#### [AIM OF THE EXERCISE]
Starting from the line with "Animation of Examining", please copy exactly every line to the end of the listing, but not the pictures.

#### [SUPPLIED MATERIAL]

□ □ □ □ □ □ □

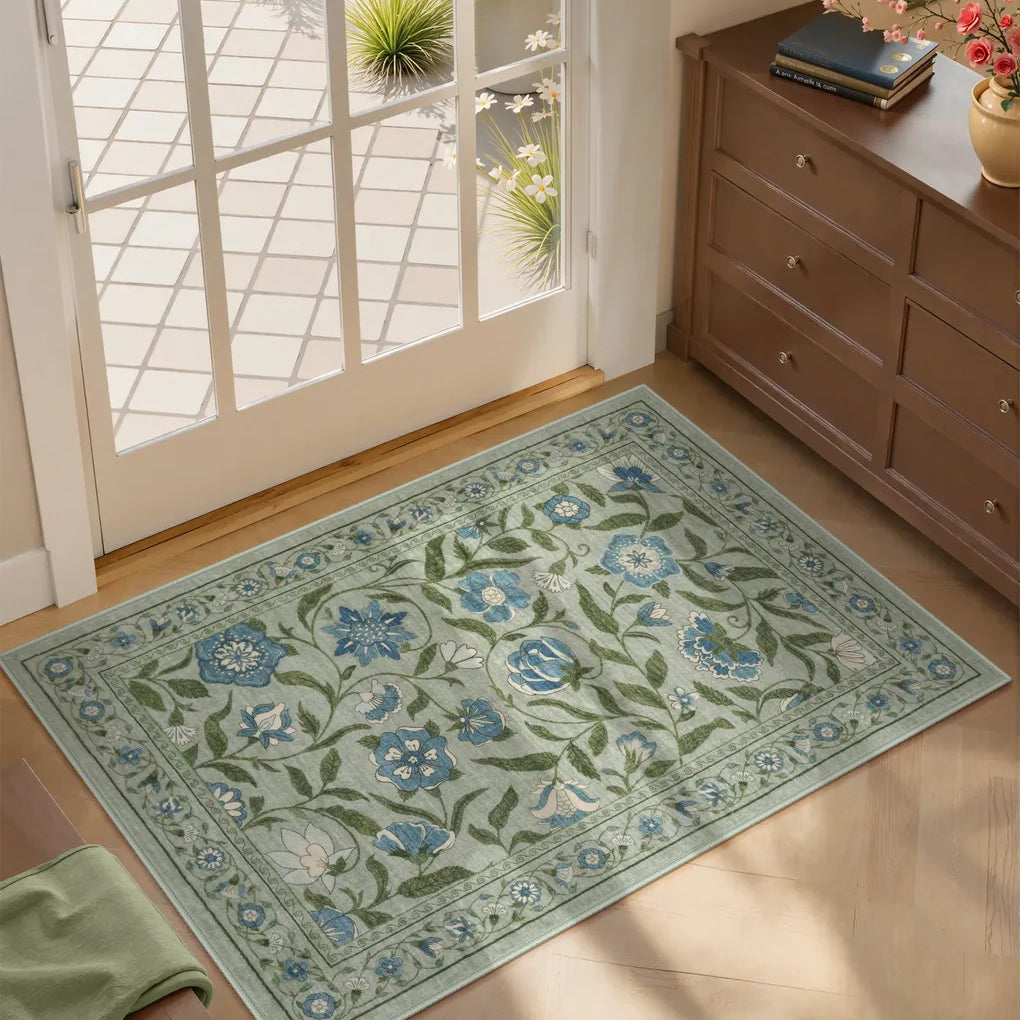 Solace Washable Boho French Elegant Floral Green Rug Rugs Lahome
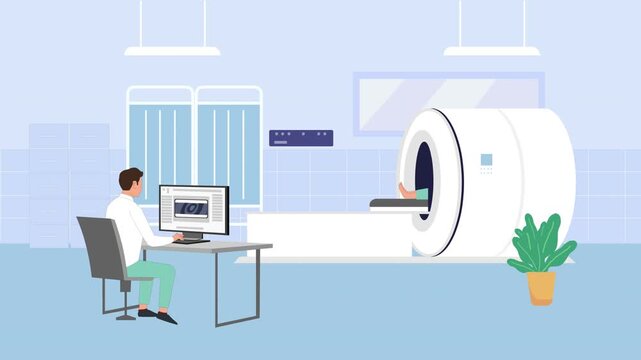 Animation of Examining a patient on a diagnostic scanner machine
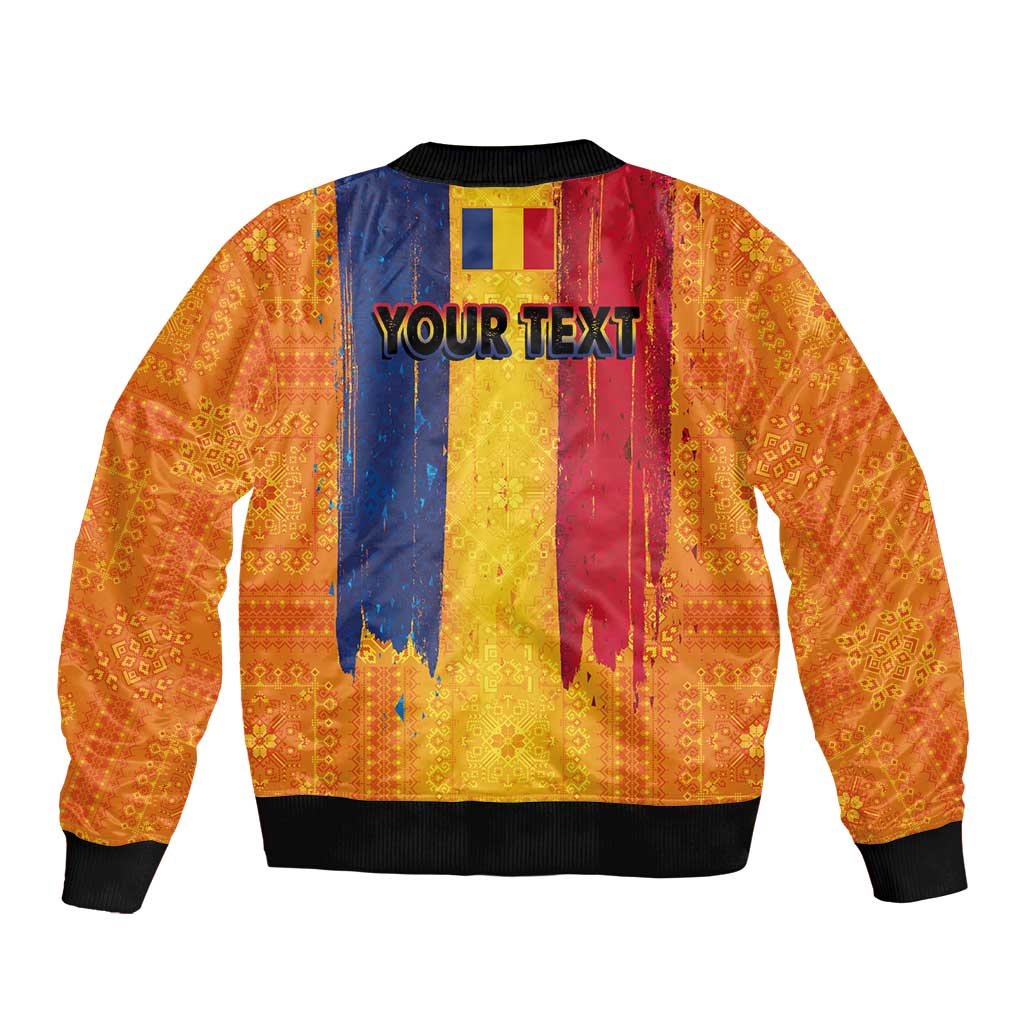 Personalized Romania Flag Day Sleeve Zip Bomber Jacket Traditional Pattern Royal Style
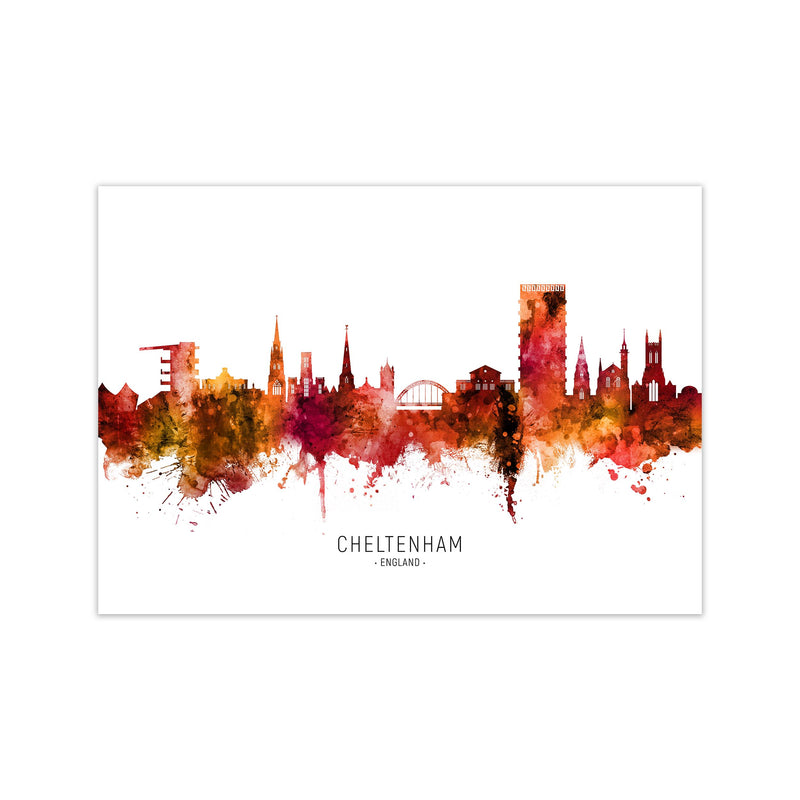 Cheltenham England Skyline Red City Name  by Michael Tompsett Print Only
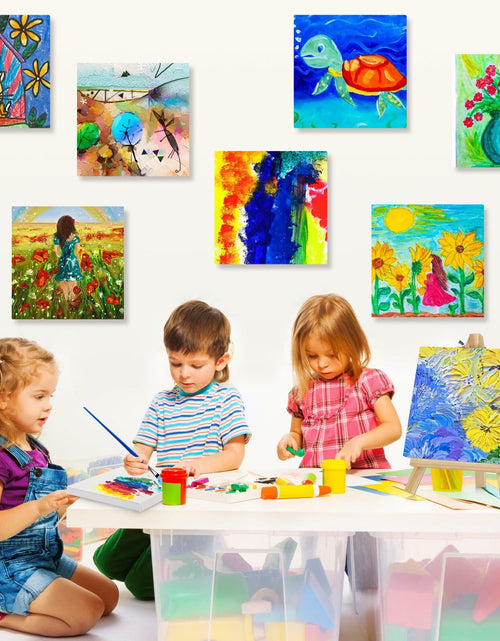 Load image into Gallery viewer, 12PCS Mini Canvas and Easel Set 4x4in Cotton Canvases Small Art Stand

□ □ □ □ □ □ □

#### [SOLUTION FOR THIS TASK]
 Animation of Examining a patient on a diagnostic scanner machine
 Personalized Romania Flag Day Sleeve Zip Bomber Jacket Traditional Pattern Royal Style
 Cheltenham England Skyline Red City Name  by Michael Tompsett Print Only
 Load image into Gallery viewer, 12PCS Mini Canvas and Easel Set 4x4in Cotton Canvases Small Art Stand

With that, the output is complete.